14 - Odd Man In (a more light-hearted episode sequel to a season three story)
15 - Bait Once, Bait Twice
16 - The 60-Second War (Part 1)
17 - The 60-Second War (Part 2)
18 - Skinhead
19 - While You’re at It, Bring in the Moon
20 - Cloth of Gold (a good Ten Little Indians-style murder spree)
21 - Good Night Baby, Time to Die (cat and mouse caper with a neat final twist)
22 - Didn’t We Meet at a Murder?
23 - Follow the White Brick Road
24 - R & R & R
The original 1.33:1 aspect ratio of the broadcasts is reproduced faithfully in these DVD transfers. Yes, there are some age related dirt specks, a yellow stripe that interrupts the action once, some moiré patterns, and soft, rough-looking stock footage woven into the episodes. However, color saturation levels are surprisingly strong, and sharpness in studio-shot footage is impressive (sharp enough to easily spot the toupee worn by Herbert Lom).
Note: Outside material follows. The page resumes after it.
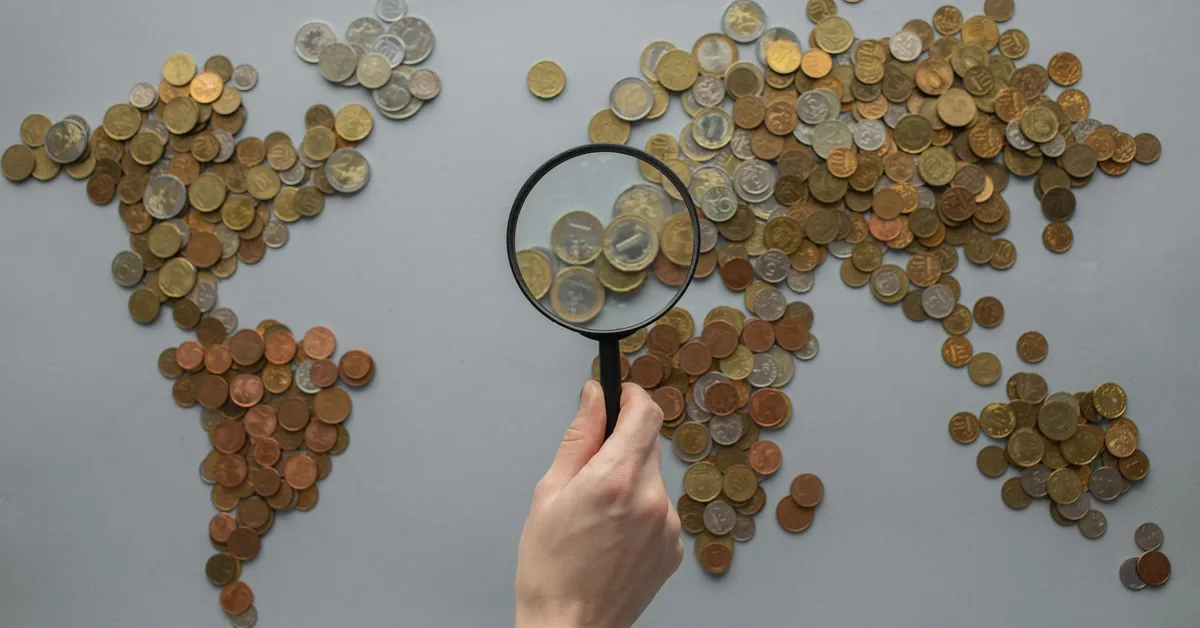 Gráficos de negociação e análise de mercado financeiro em telas de computador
Each episode is divided into 8 chapters without the promos or 9 chapters with them.
The Dolby Digital 2.0 mono track represents the television sound design of the era, so although dialog is clear and music and sound effects don’t get in the way of hearing what you need to hear, these are by-the-book mono tracks, decoded by Dolby Prologic into the center channel. Still, no age related artifacts spoil the fun.
Each episode contains a network promo which can be watched or omitted before watching each episode.
The disc offers trailers for Criminal Minds, Jericho, and the CSI franchise.
It’s disappointing not to have commentaries or featurettes featuring members of the cast who are still alive, but at least the quality of this fourth season of Hawaii Five-O is about as good as one could hope for. It’s a set full of pleasures and treasures.